* Exercise details
The answer must give back every line of the data exactly, with no pictures.

Dataset items:
►

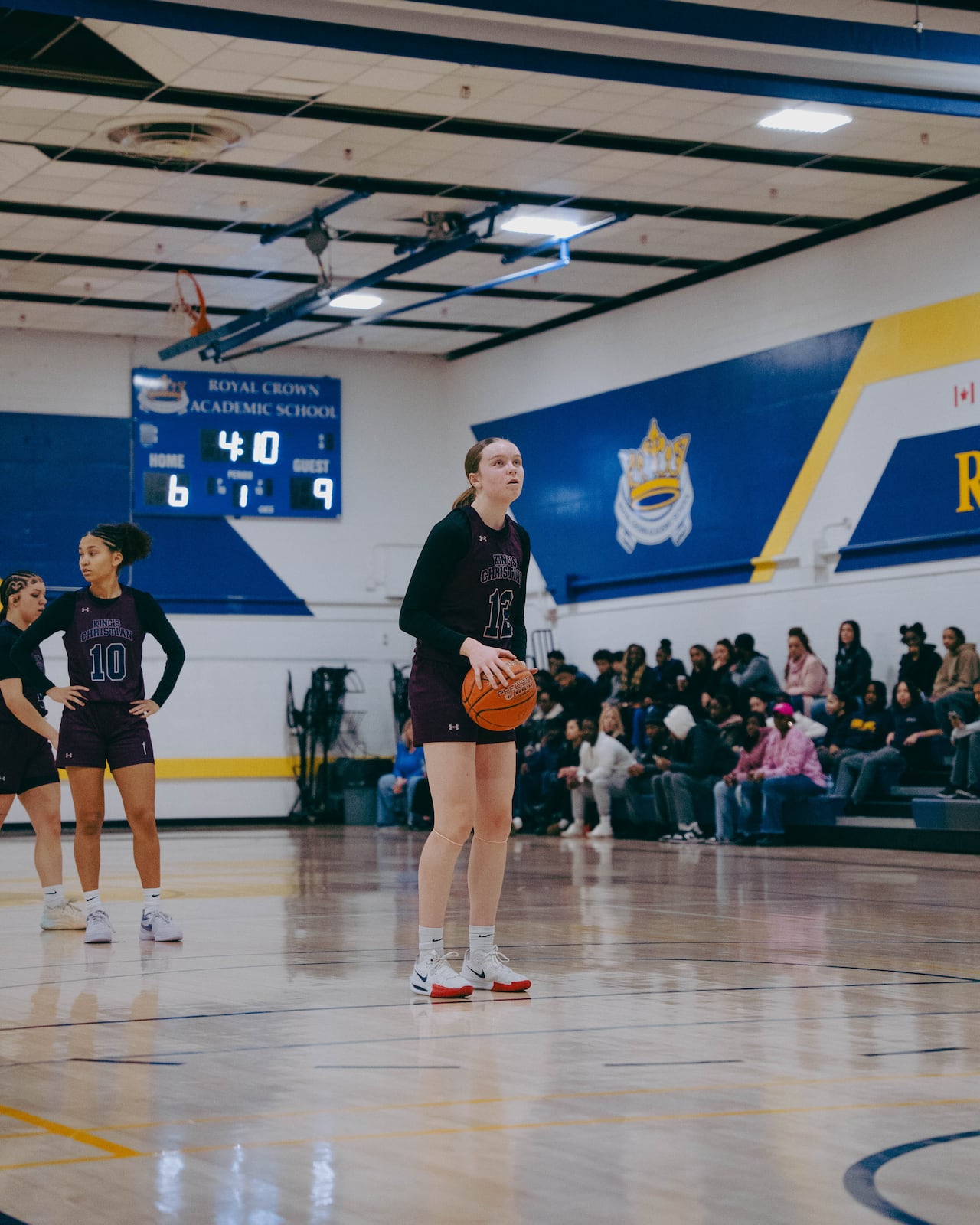 A basketball player stands on the court waiting to take a shot.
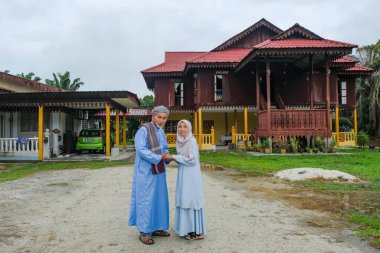 Batu Pahat, Malezya - 3 Mayıs 2022: Geleneksel kıyafetler içinde mutlu Malay ailesi ve Hari Raya sırasındaki geleneksel Malay evi. Malezya aile yaşam tarzı evde. Mutluluk kavramı.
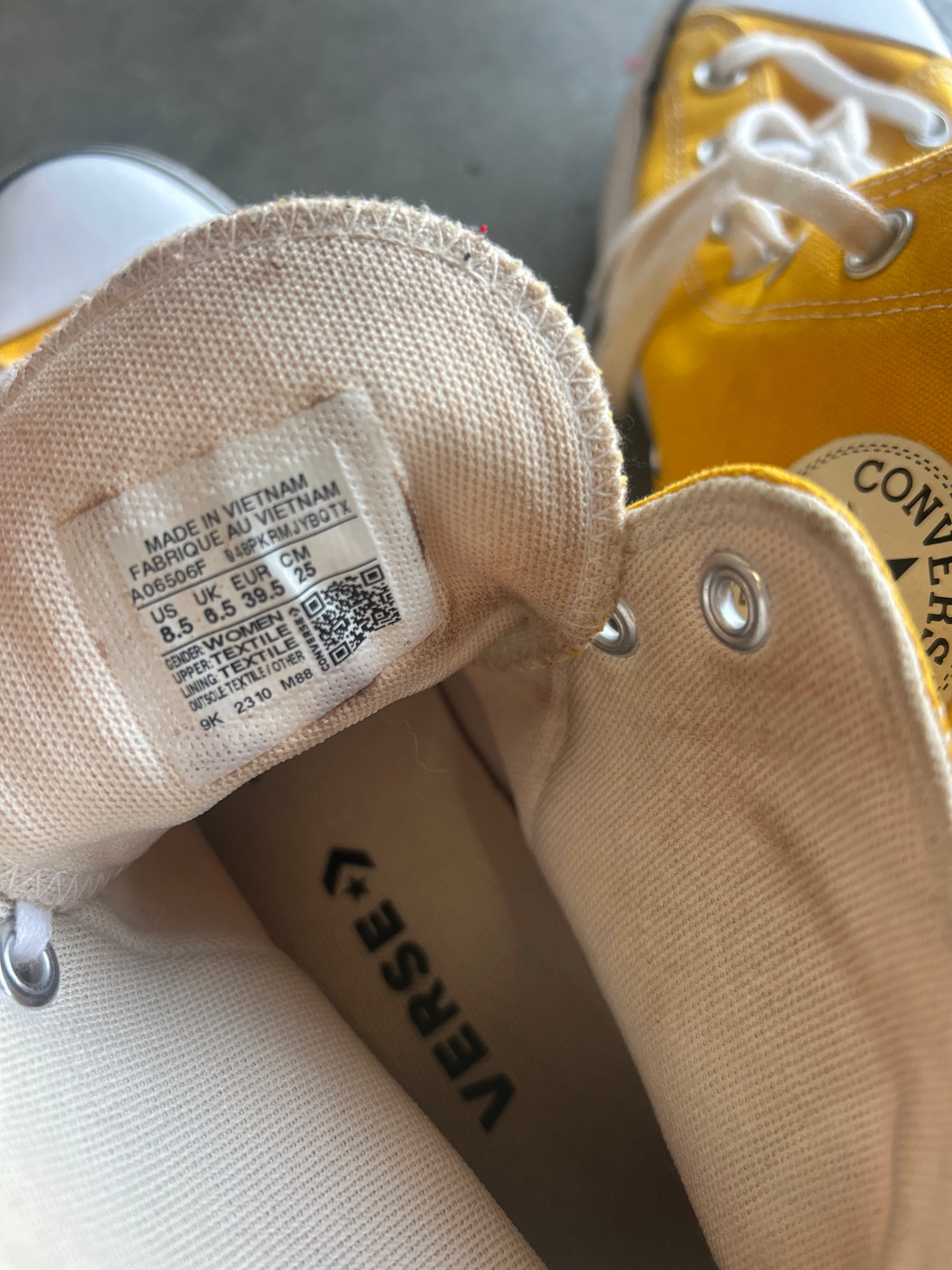 Close-up of a Converse high-top sneaker showing the beige canvas tongue label with size and country of origin details, alongside part of the yellow rubber toe cap and white laces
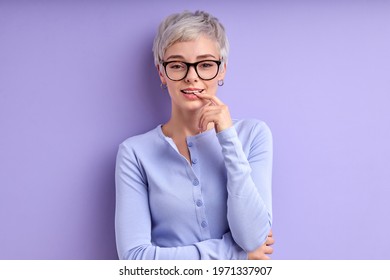 Blond Caucasian Woman With Short Hair Teasing With Finger On Mouth Isolated On Purple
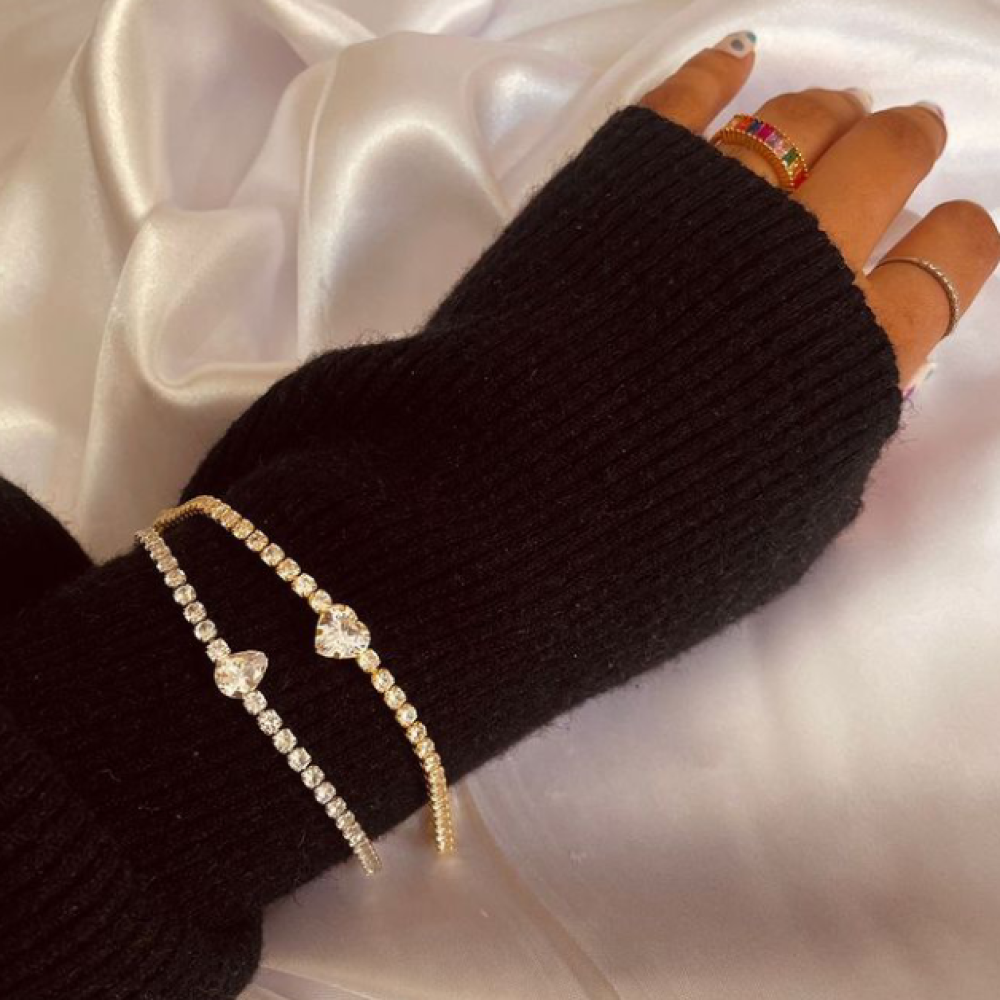 Pulseira riviera com pingente de coração cravejado banhada a ouro 18k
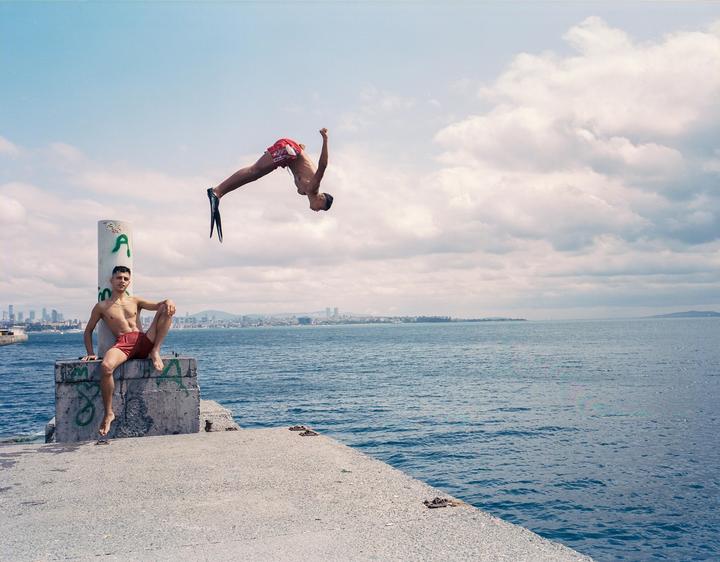 A man in red shorts sits on a concrete pier while another man in red shorts and flippers does a backflip over the water with a city skyline in the distance.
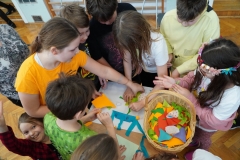 Grupa uczniów wykonuje pracę plastyczną z kolorowych kartek.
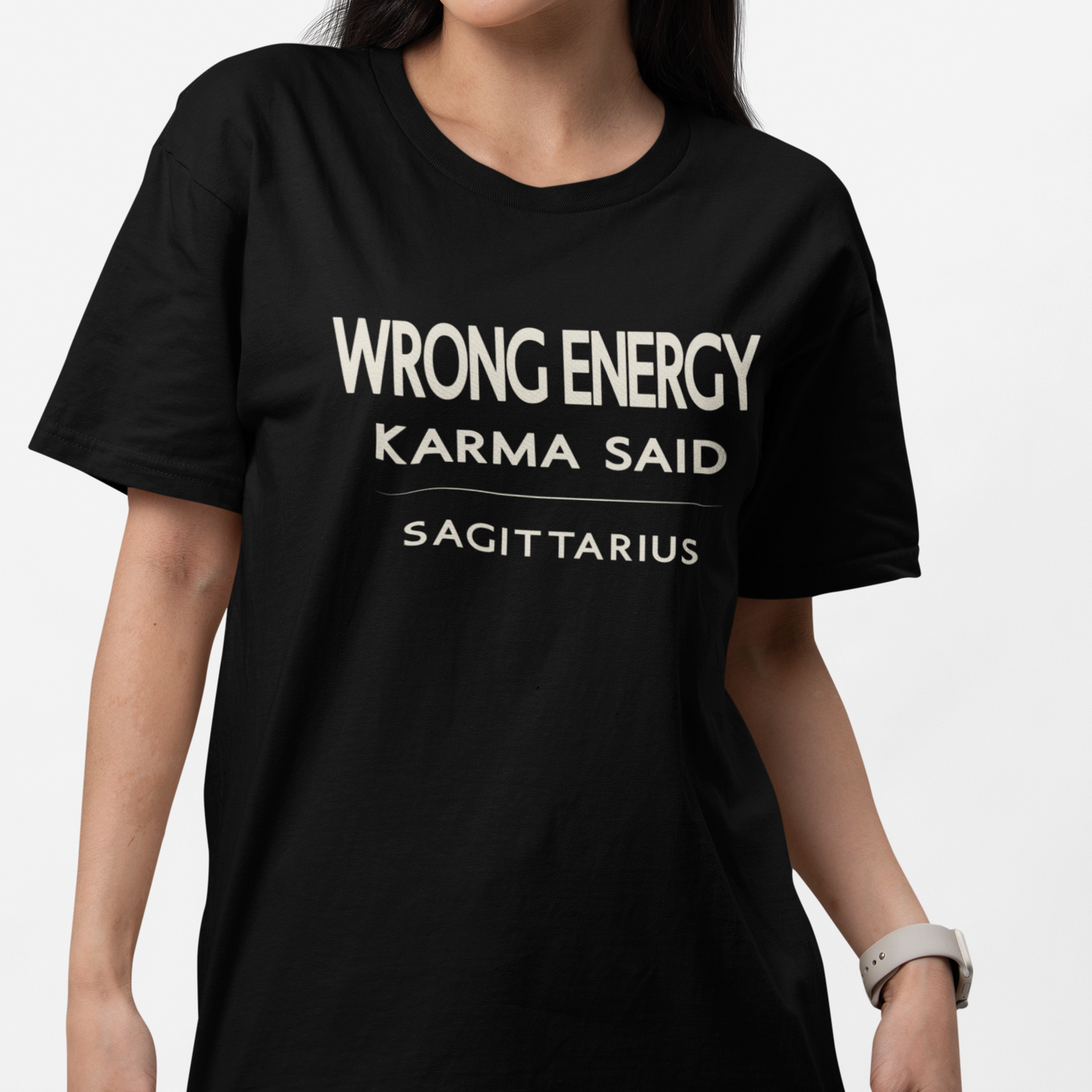 Model wearing Sagittarius zodiac t-shirt with “Wrong Energy Karma Said” typography quote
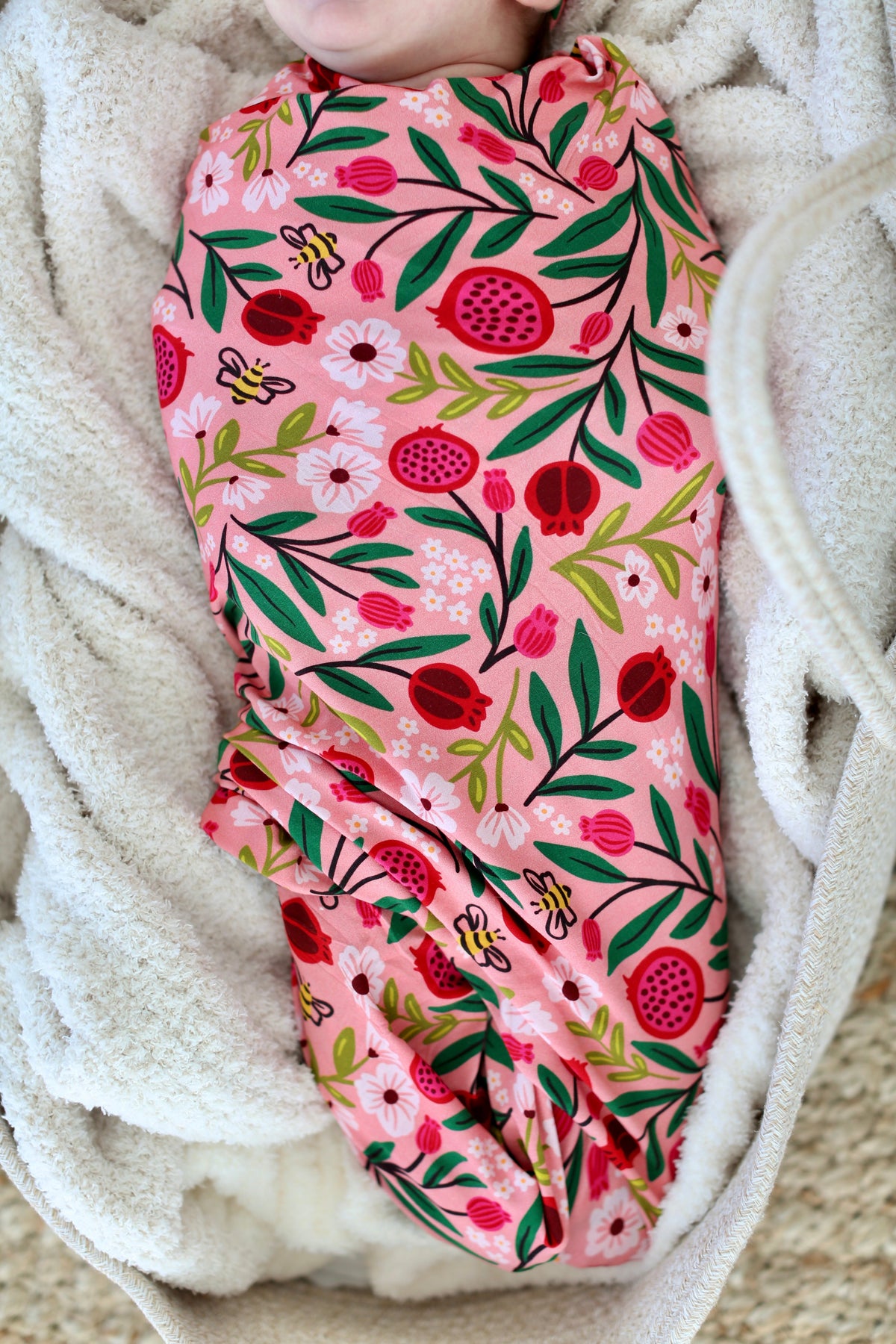 Close view of newborn wrapped in the Petals & Pomegranates bamboo swaddle by Shiloh & Kate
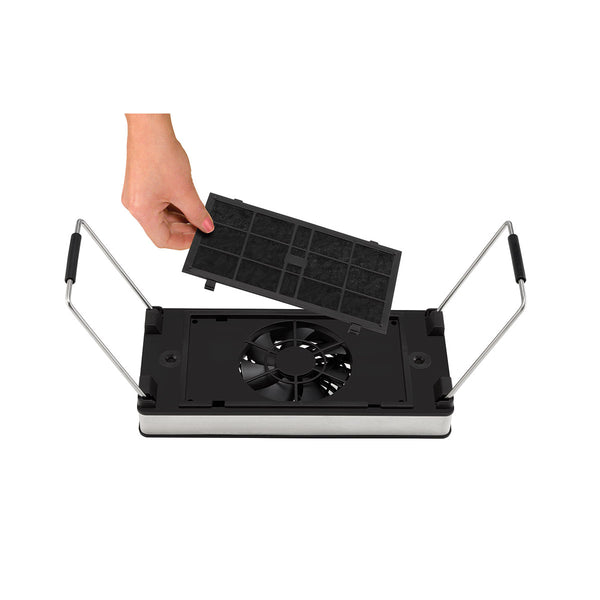 Hand setzt einen rechteckigen Aktivkohlefilter in die abnehmbare Dunstabzugseinheit eines Raclette-Geräts mit integriertem Ventilator ein.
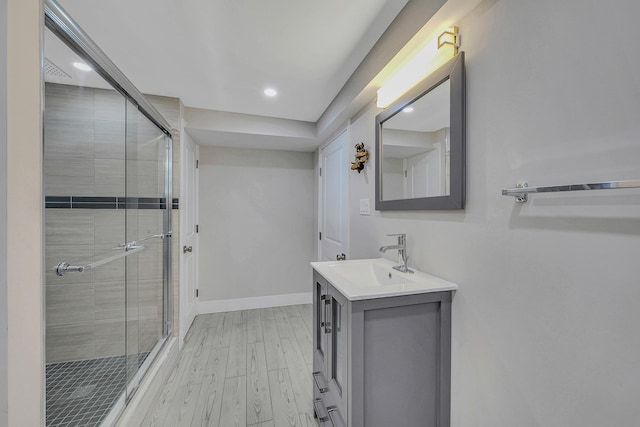 23 Primrose Dr, East Stroudsburg, PA 18302 - full bathroom featuring vanity, wood finished floors, baseboards, recessed lighting, and a shower stall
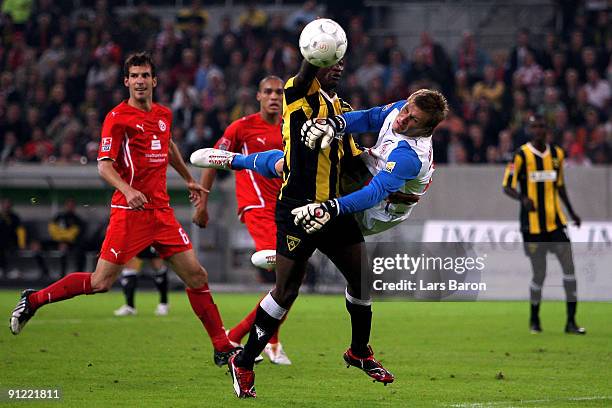 Herve Oussale of Aachen challenges goalkeeper Michael Ratajczak of Duesseldorf during the 2nd Bundesliga match between Fortuna Duesseldorf and...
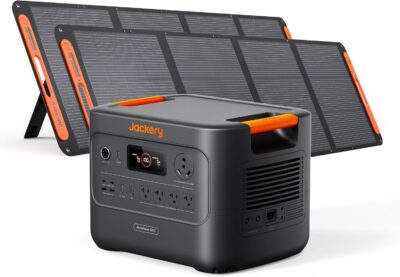 Jackery HomePower 3000 solar generator with two 200W solar panels set up in a backyard for home emergency backup.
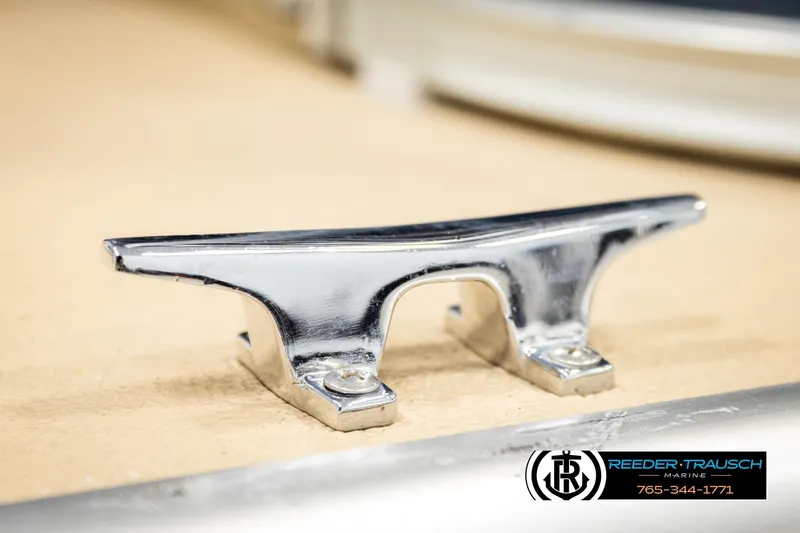 Slide: The Image of Chrome boat cleat on a 2015 Lowe SS 210, Reeder-Trausch Marine branding visible. - 48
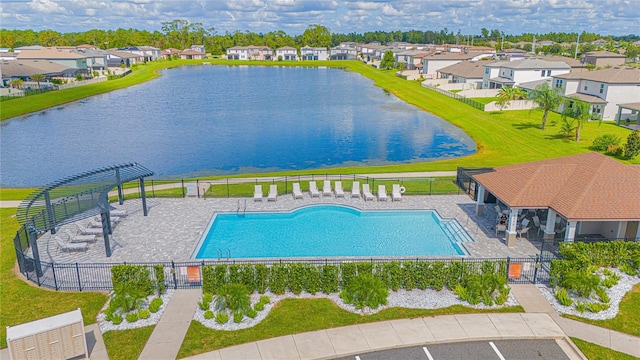 exterior space with a yard, a water view, and a patio area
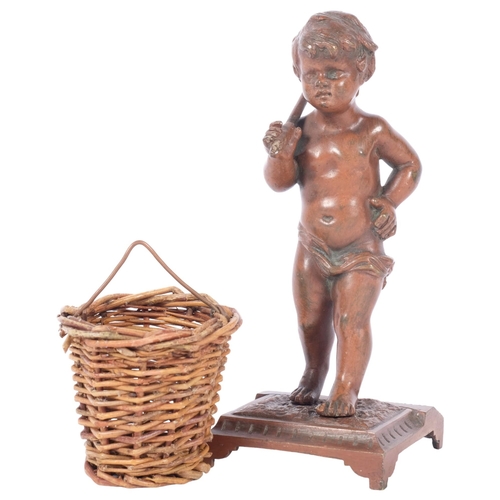 134 - A small cast-bronze match striker, in the form of a small boy carrying a wicker basket, H14.5cm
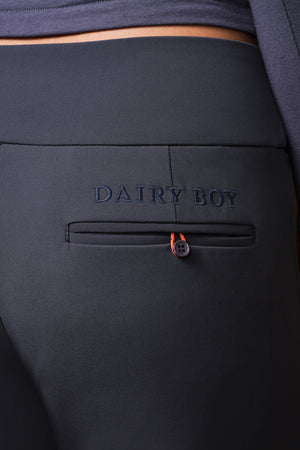 Close-up of dark charcoal gray pants featuring an embossed 'DAIRY BOY' logo on the back pocket, with a small orange accent near the pocket closure.
|M1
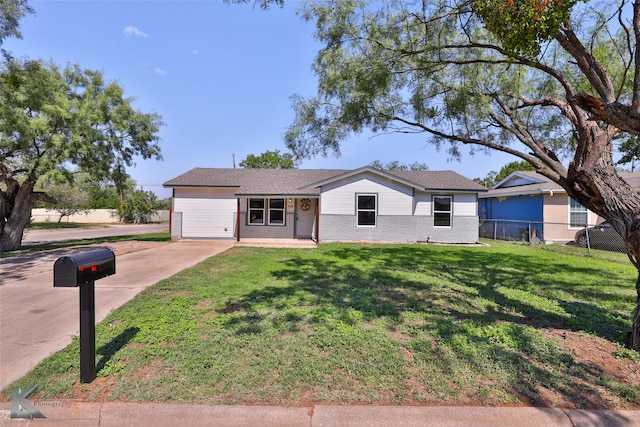 single story home with a front lawn and a garage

◄

* Problem solution
 A basketball player stands on the court waiting to take a shot.
 Batu Pahat, Malezya - 3 Mayıs 2022: Geleneksel kıyafetler içinde mutlu Malay ailesi ve Hari Raya sırasındaki geleneksel Malay evi. Malezya aile yaşam tarzı evde. Mutluluk kavramı.
 Close-up of a Converse high-top sneaker showing the beige canvas tongue label with size and country of origin details, alongside part of the yellow rubber toe cap and white laces
 Blond Caucasian Woman With Short Hair Teasing With Finger On Mouth Isolated On Purple
 Pulseira riviera com pingente de coração cravejado banhada a ouro 18k
 A man in red shorts sits on a concrete pier while another man in red shorts and flippers does a backflip over the water with a city skyline in the distance.
 Grupa uczniów wykonuje pracę plastyczną z kolorowych kartek.
 Model wearing Sagittarius zodiac t-shirt with “Wrong Energy Karma Said” typography quote
 Close view of newborn wrapped in the Petals & Pomegranates bamboo swaddle by Shiloh & Kate
 Hand setzt einen rechteckigen Aktivkohlefilter in die abnehmbare Dunstabzugseinheit eines Raclette-Geräts mit integriertem Ventilator ein.
 23 Primrose Dr, East Stroudsburg, PA 18302 - full bathroom featuring vanity, wood finished floors, baseboards, recessed lighting, and a shower stall
 Herve Oussale of Aachen challenges goalkeeper Michael Ratajczak of Duesseldorf during the 2nd Bundesliga match between Fortuna Duesseldorf and...
 Jackery HomePower 3000 solar generator with two 200W solar panels set up in a backyard for home emergency backup.
 Slide: The Image of Chrome boat cleat on a 2015 Lowe SS 210, Reeder-Trausch Marine branding visible. - 48
 exterior space with a yard, a water view, and a patio area
 134 - A small cast-bronze match striker, in the form of a small boy carrying a wicker basket, H14.5cm
 Close-up of dark charcoal gray pants featuring an embossed 'DAIRY BOY' logo on the back pocket, with a small orange accent near the pocket closure.
|M1
 single story home with a front lawn and a garage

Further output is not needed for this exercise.